Suppose your command runs in one minute in production. Then you work hard and get it down to 35 seconds. The user perception of "slow" will still be there, so you have to get it down to maybe 6 seconds to make users happy and see it as "faster". In this case getting an order of magnitude improvement may not be possible.

And in this case you would have to do something about directory caching messing up testing because (you check this yourself) once you open a directory the system caches it for speedier access. Use the time command and rerun the command to see what I mean:

time [my long command goes here]
#write down the result
time [my long command goes here]
# write down the result and compare the two resulting times

MadeInGermany · December 7, 2019, 9:29am

The shorter pathnames is a small improvement only when post processing the output.
Then, you can bundle the names (shortens the command, not so much the run time).
But a + instead of the \; will have an impact. Then find runs cksum with many collected arguments - fewer runs are needed.

cd /tmp/moht && find . -type d \( -name 'BACKUP' -o -name 'STORE' -o -name 'LOGGER' \) -prune -o -type f -exec cksum {} +

Further, compare the speeds of the /usr/bin/find and the freeware find.
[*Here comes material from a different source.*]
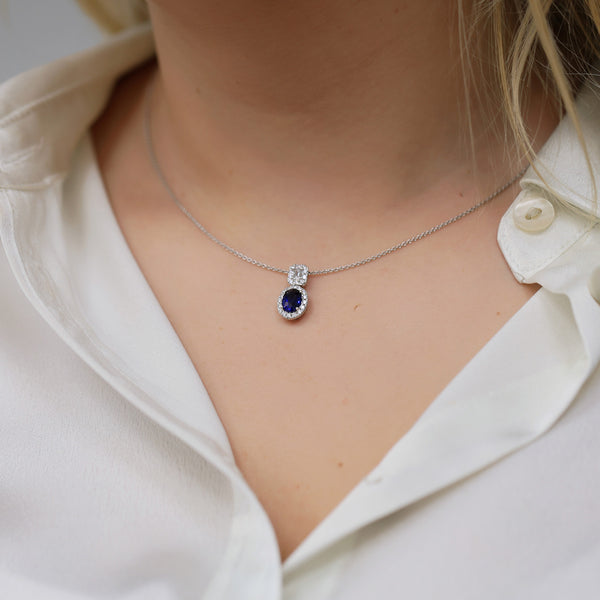Berry's 18ct White Gold Oval Sapphire And Diamond Double Halo Pendant - Berry's Jewellers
RudiC · December 7, 2019, 12:00pm

File sizes are included in my cksum . For climbing down the dir tree, try

cksum * */* */*/* |& grep -v "BACKUP\|STORE\|LOGGER\|cksum"
268795035 355 file1
113460914 19 file2

drl · December 7, 2019, 2:09pm

Hi.

Indeed. The first question one needs to answer is Does it have to be faster? Otherwise you are spending time that probably could be better spent elsewhere.

That being said, I have been [trying to] learn rustc , and have compiled a few codes that are very fast. One is fd . You can see benchmarks comparing it to standard find at GitHub - sharkdp/fd: A simple, fast and user-friendly alternative to 'find'

Depending on choices fd is faster by a factor of 5 up to 9, or even faster if one ignores hidden directories.

However, it would require you to either download a compiled code, or download the Rust system and compile fd yourself. I don't see a version for AIX, so this is academic.

I suppose if enough folks asked for Rust to be ported to platforms like Solaris, AIX, etc., it might happen. It might be worth a try if one really, really wanted that extra bit of speed.

I'll take the speed if it's easy to do and I really need it, but otherwise I have other stuff to do.

Best wishes ... cheers, drl